PostNL is following the ambition to become the leading postal tech company and our serverless journey on AWS continues in full speed. In this blog post, I would like to give you some information about the IoT-Platform of PostNL and how we evolve our internal services to create the optimum solutions for the problem at hand.
As PostNL, we remain dedicated to be your favorite deliverer in the Benelux area which requires a significant technology infrastructure. Our colleagues in the field are working hard to deliver your packages to your doorstep as soon as possible. The engineering community in PostNL works together with our colleagues on the field and see how we can enable them to achieve our ambition.

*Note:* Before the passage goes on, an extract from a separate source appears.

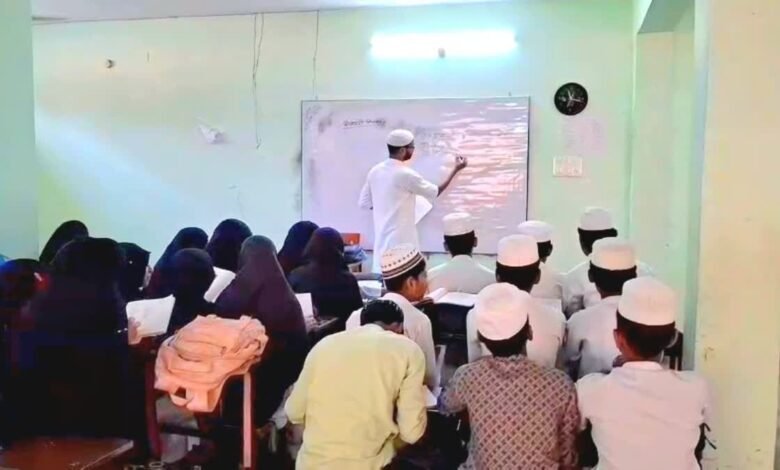 उत्तराखंड के मदरसों में अब जुमे को छुट्टी नहीं होगी, धामी सरकार ने लिया ये फैसला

The IoT-Platform of PostNL is in a key position to enable data driven decisions because “IoT-Platform connects the physical world to the digital world!” and relay the events that are happening on the field objectively and reliably to the business. Our platform handles more than one billion events per day, ingesting all the traffic from tracked PostNL assets and processing them in record speed to enable close to real-time business events. Using the data streaming from the IoT-Platform, other teams in PostNL can make decisions based on actual data, optimize asset utilization, and create many more use cases.
The Problem
One of the important events in IoT domain is the availability of the edge devices. A common term for this detection is a heartbeat. In the asset tracking solution of the IoT-Platform, a device corresponds to a beacon which has some sensors in it. The beacon can advertise the sensor telemetry through gateways and the data ends up in the IoT-Platform for further processing.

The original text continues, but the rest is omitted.